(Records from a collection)

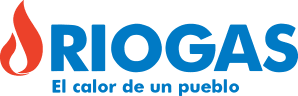 Riogas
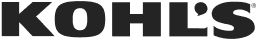 Best Kohl's Cashback, Deals & Coupons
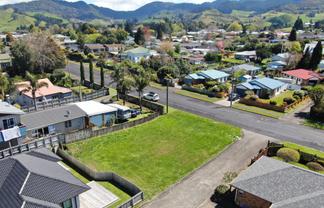 26A Walker Street, Waihi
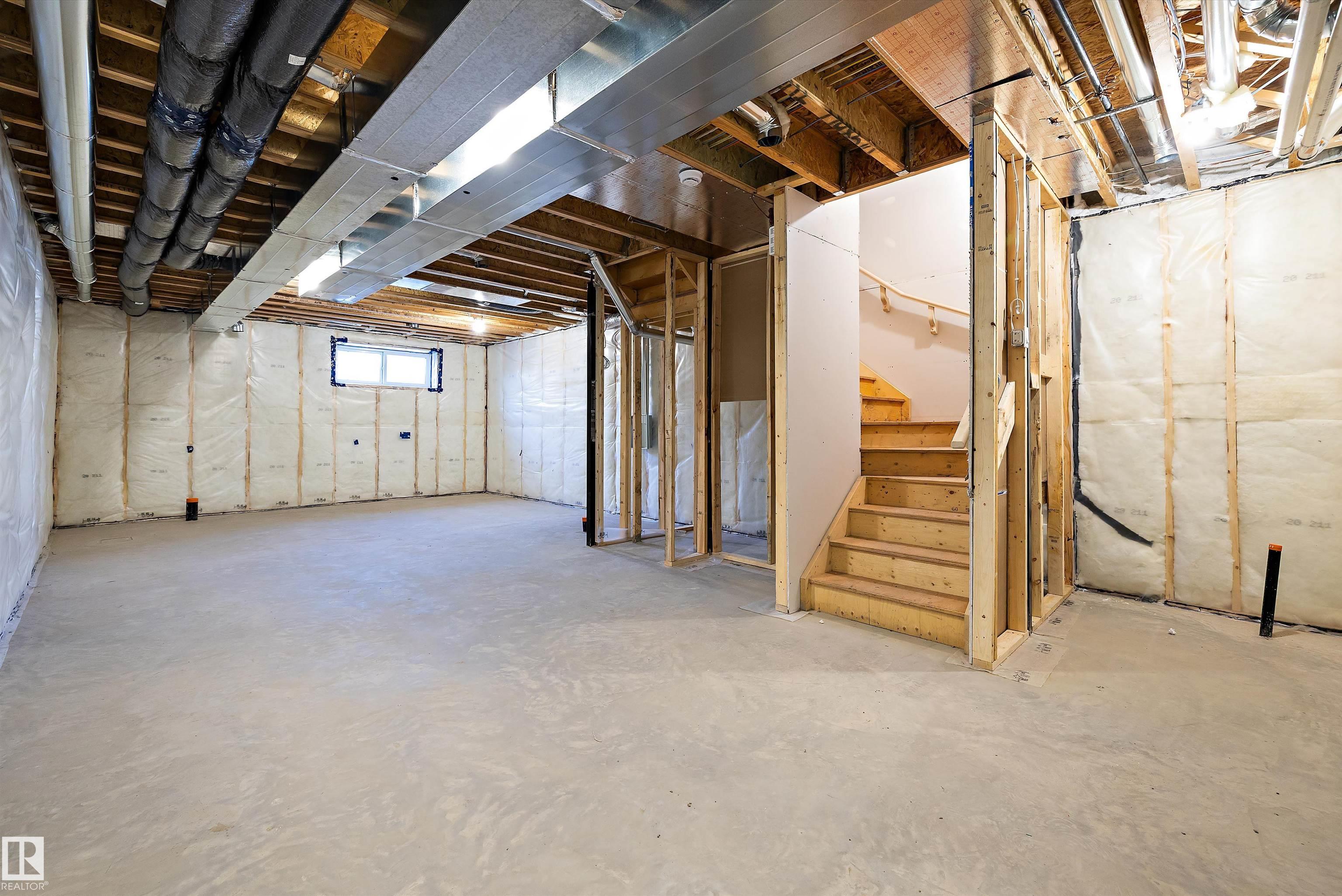 Photo 36 at 18924 28 Avenue NW, The Uplands, Edmonton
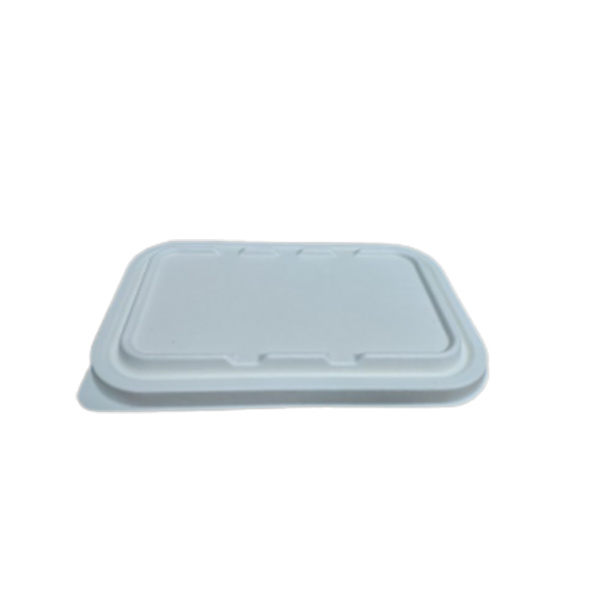 24/32oz tray lid 24/32oz tray lid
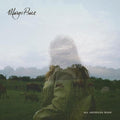 Margo Price- All American Made ( Vinyl )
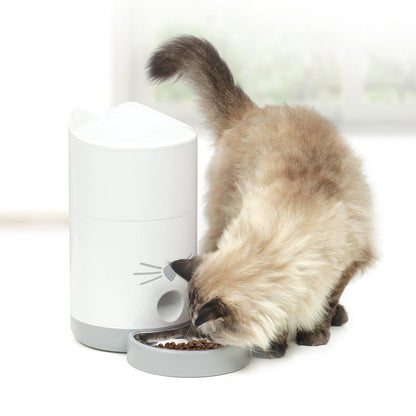 Pixi Smart Automatic Feeder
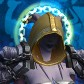 Moniri avatar
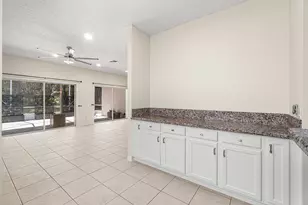 10817 Fillmore Dr, Boynton Beach, FL 33437 - Photo 12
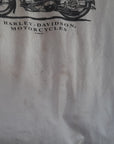 Harley Davidson T-Shirt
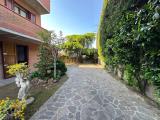 Casa, FERRARA, Pontegradella, 359.000 €, 172,00 mq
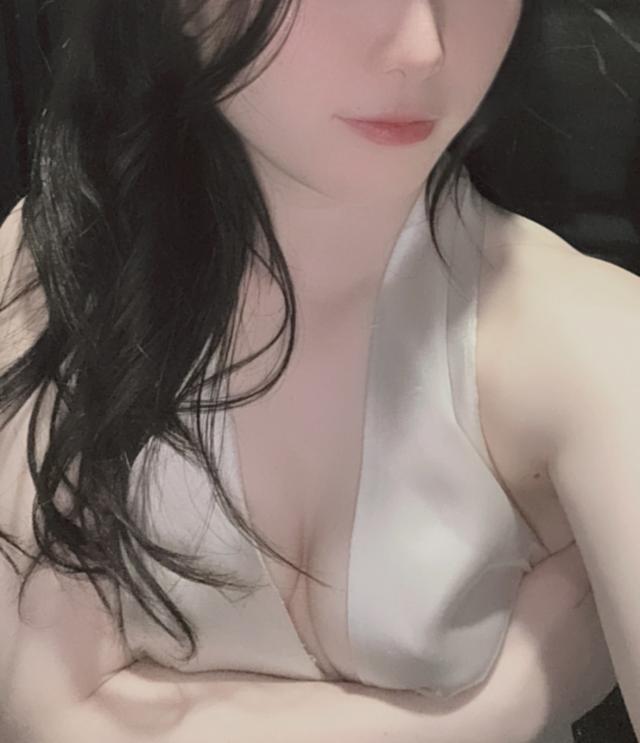 とあ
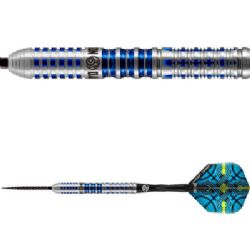 Shot Daniel Larsson Dartpile 90% 25 gram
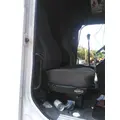 USED - AIR Seat, Front FREIGHTLINER COLUMBIA 112 for sale thumbnail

Your instructions. A faithful copy is needed: reproduce all of the data above, leaving the pictures out.

Answer for this exercise.
 Riogas
 Best Kohl's Cashback, Deals & Coupons
 26A Walker Street, Waihi
 Photo 36 at 18924 28 Avenue NW, The Uplands, Edmonton
 24/32oz tray lid 24/32oz tray lid
 Margo Price- All American Made ( Vinyl )
 Pixi Smart Automatic Feeder
 Moniri avatar
 10817 Fillmore Dr, Boynton Beach, FL 33437 - Photo 12
 Harley Davidson T-Shirt
 Casa, FERRARA, Pontegradella, 359.000 €, 172,00 mq
 とあ
 Shot Daniel Larsson Dartpile 90% 25 gram
 USED - AIR Seat, Front FREIGHTLINER COLUMBIA 112 for sale thumbnail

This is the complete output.